Work instructions:
Every line below between the line holding "队记：谢泼德下赛季预计拥有更大角色 球队内部认为他极高上限" and the line holding "Канадский кот Атчум", inclusive, should be repeated exactly, and all other lines omitted.
(Provided data)
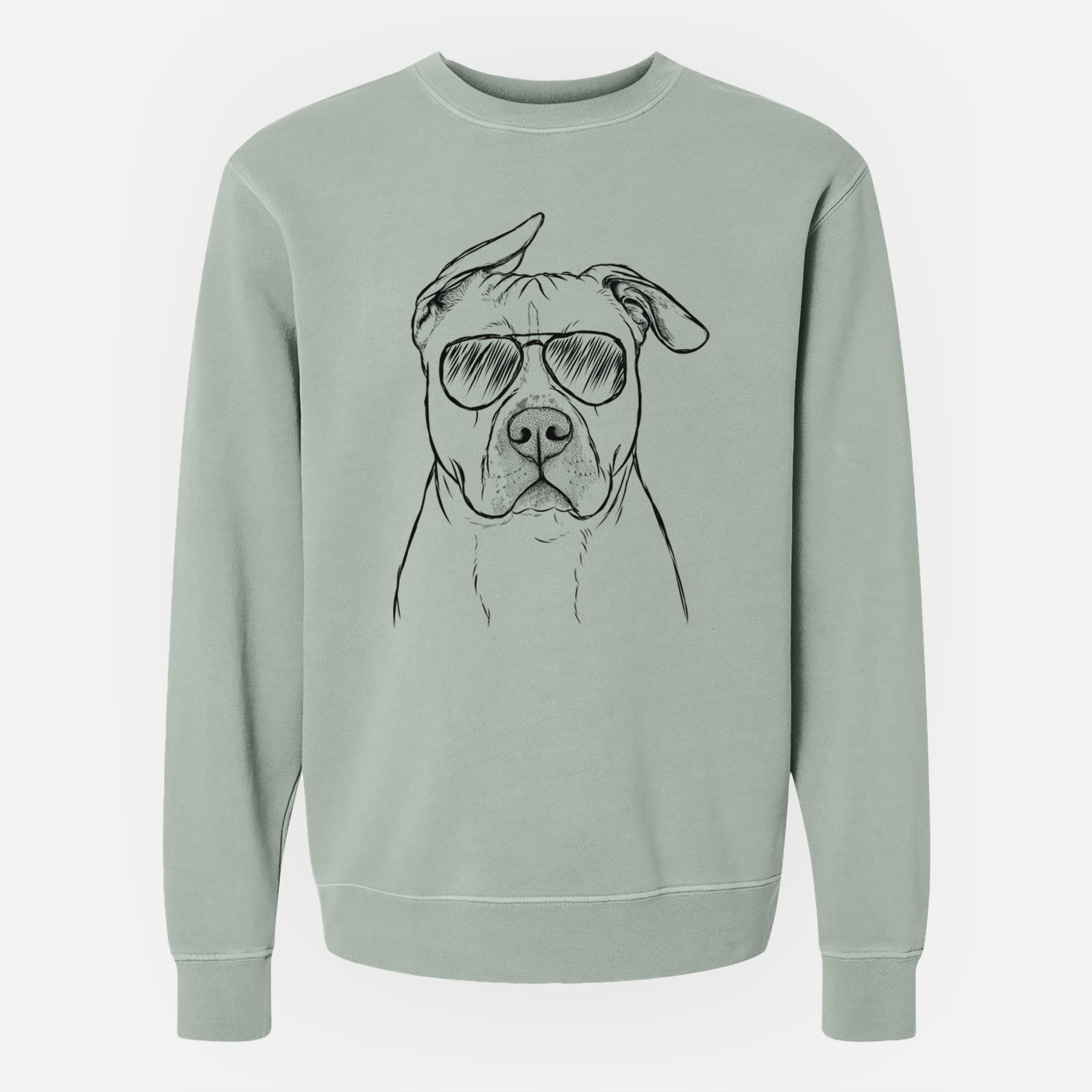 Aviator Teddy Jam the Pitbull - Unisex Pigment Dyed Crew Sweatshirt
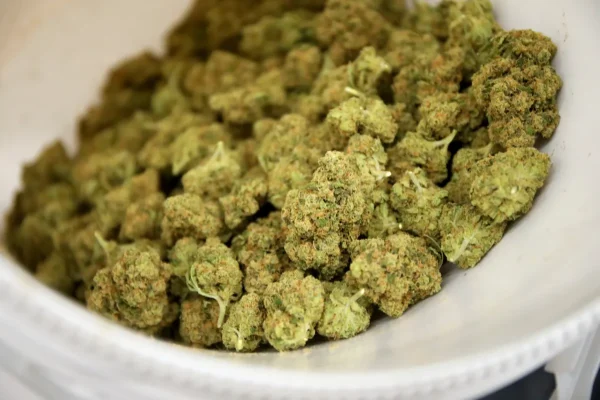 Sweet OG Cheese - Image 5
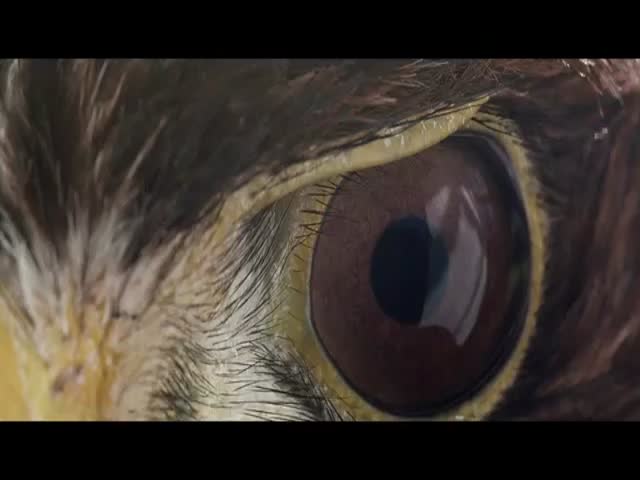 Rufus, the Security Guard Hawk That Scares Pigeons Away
(End Provided data)
(Provided data)
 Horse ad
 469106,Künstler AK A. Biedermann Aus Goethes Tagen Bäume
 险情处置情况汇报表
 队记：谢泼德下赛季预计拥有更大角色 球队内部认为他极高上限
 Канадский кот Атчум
(End Provided data)
Your solution:
 队记：谢泼德下赛季预计拥有更大角色 球队内部认为他极高上限
 Канадский кот Атчум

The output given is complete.